[[ Exercise inputs open ]]
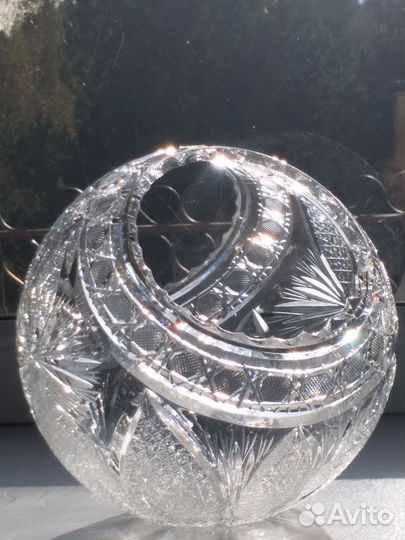 Хрустальная корзина-шар для фруктов и сладостей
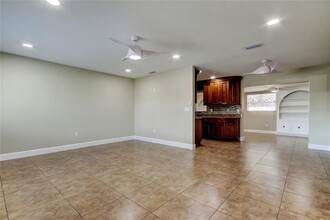 5806 Cresthill Dr in Tampa, FL - Building Photo - Building Photo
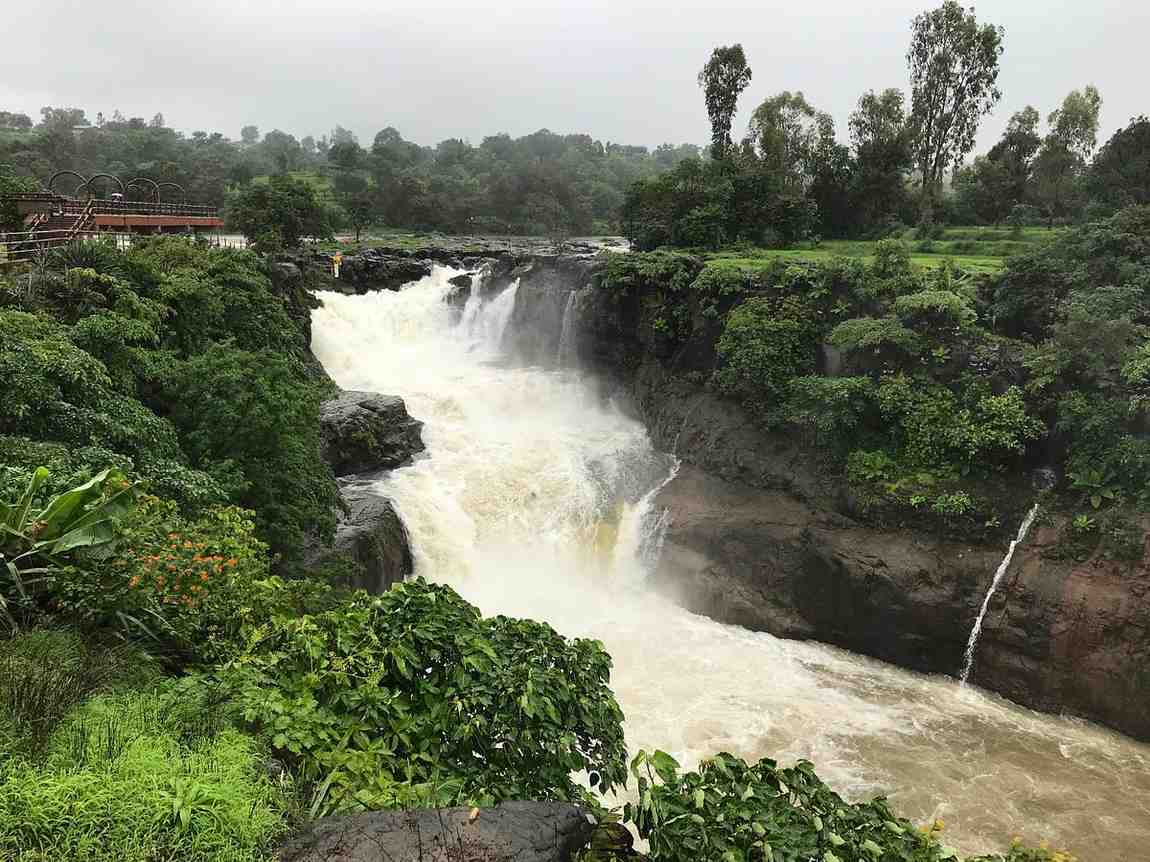 umbrella falls mumbai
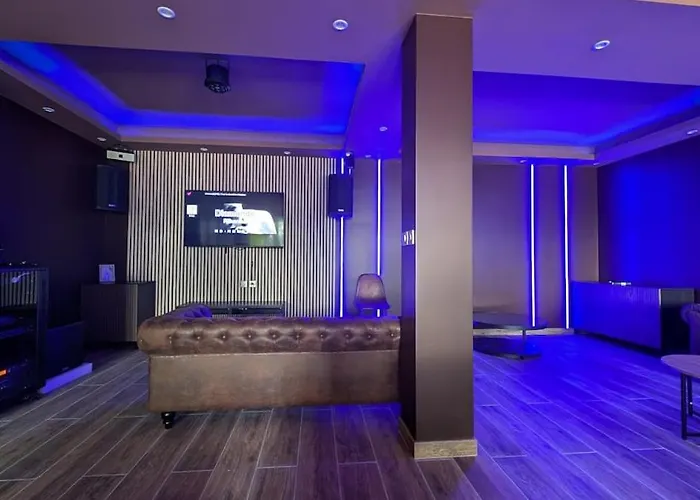 De Luxe, Piscine Chauffee & Nature Vitrai-Sous-Laigle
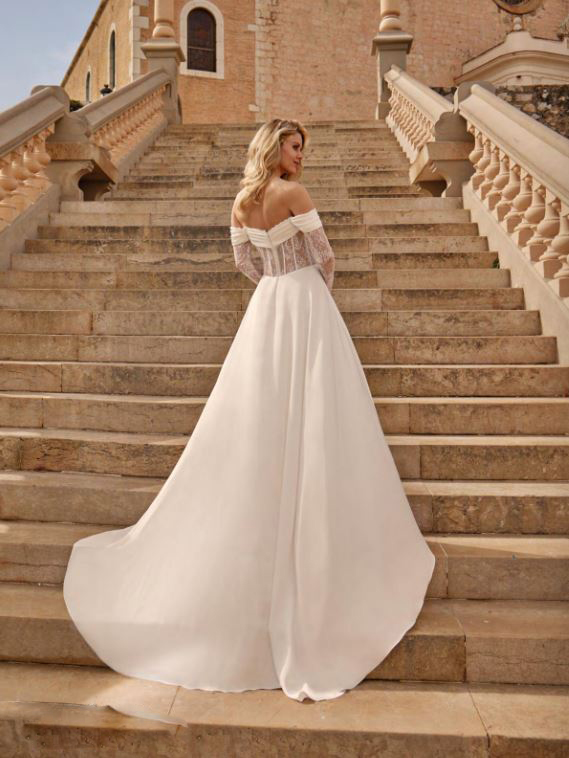 Le Jour de Notre Oui Robes de mariée ÉVY robe de mariée coupe fluide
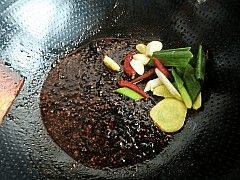 鱼头鸳鸯火锅做法图解10)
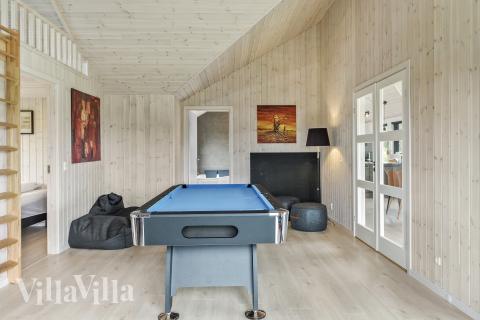 Lyxstuga 625 för 12 personer har ett stort aktivitetsrum med bl.a. biljard och dart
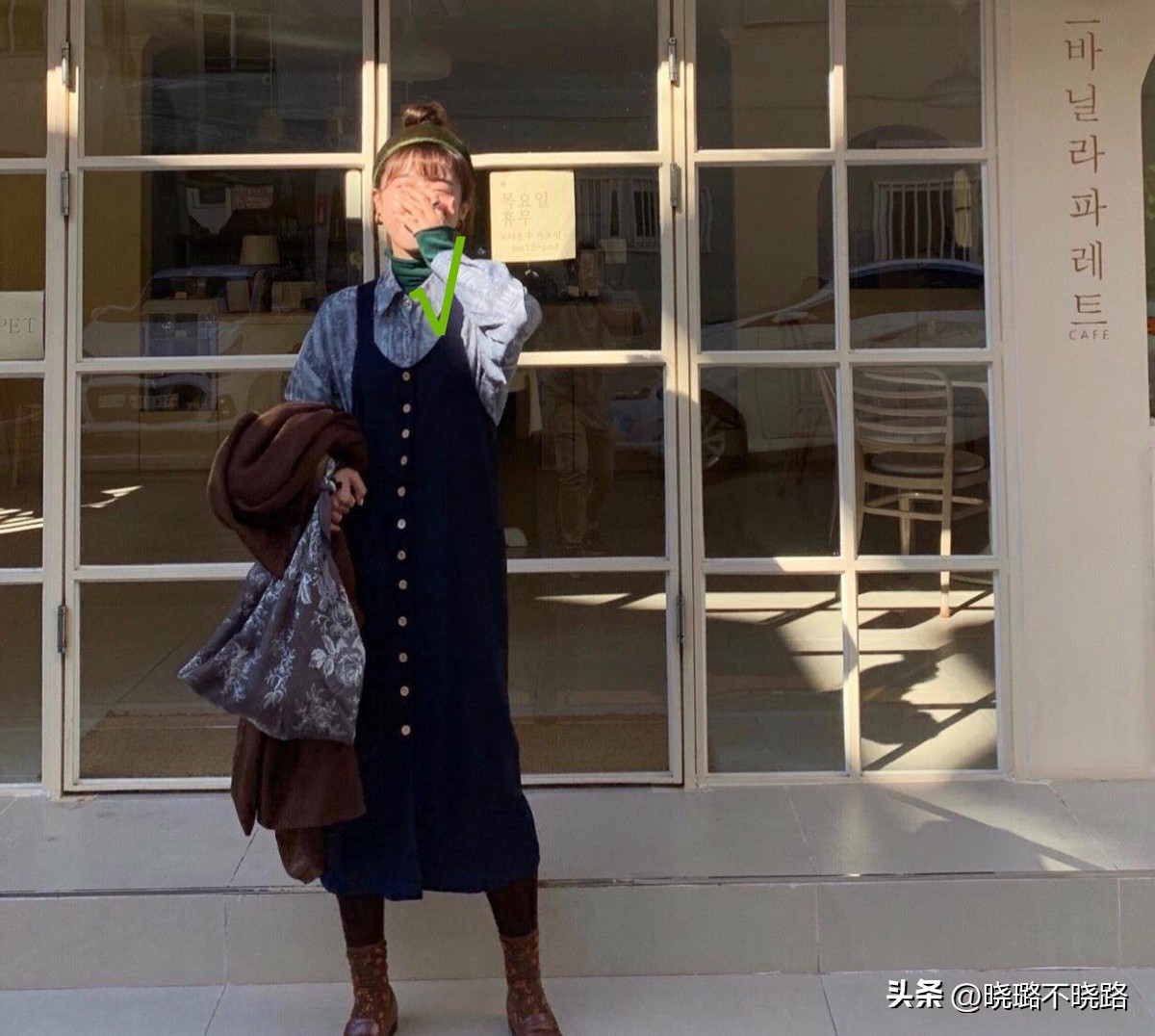 高领衫怎么搭配外套更好看,风衣半高领针织衫搭配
[[ Exercise inputs closed ]]
Work required: Would you please repeat each record exactly? Leave the pictures out.

Exercise answer:
 Хрустальная корзина-шар для фруктов и сладостей
 5806 Cresthill Dr in Tampa, FL - Building Photo - Building Photo
 umbrella falls mumbai
 De Luxe, Piscine Chauffee & Nature Vitrai-Sous-Laigle
 Le Jour de Notre Oui Robes de mariée ÉVY robe de mariée coupe fluide
 鱼头鸳鸯火锅做法图解10)
 Lyxstuga 625 för 12 personer har ett stort aktivitetsrum med bl.a. biljard och dart
 高领衫怎么搭配外套更好看,风衣半高领针织衫搭配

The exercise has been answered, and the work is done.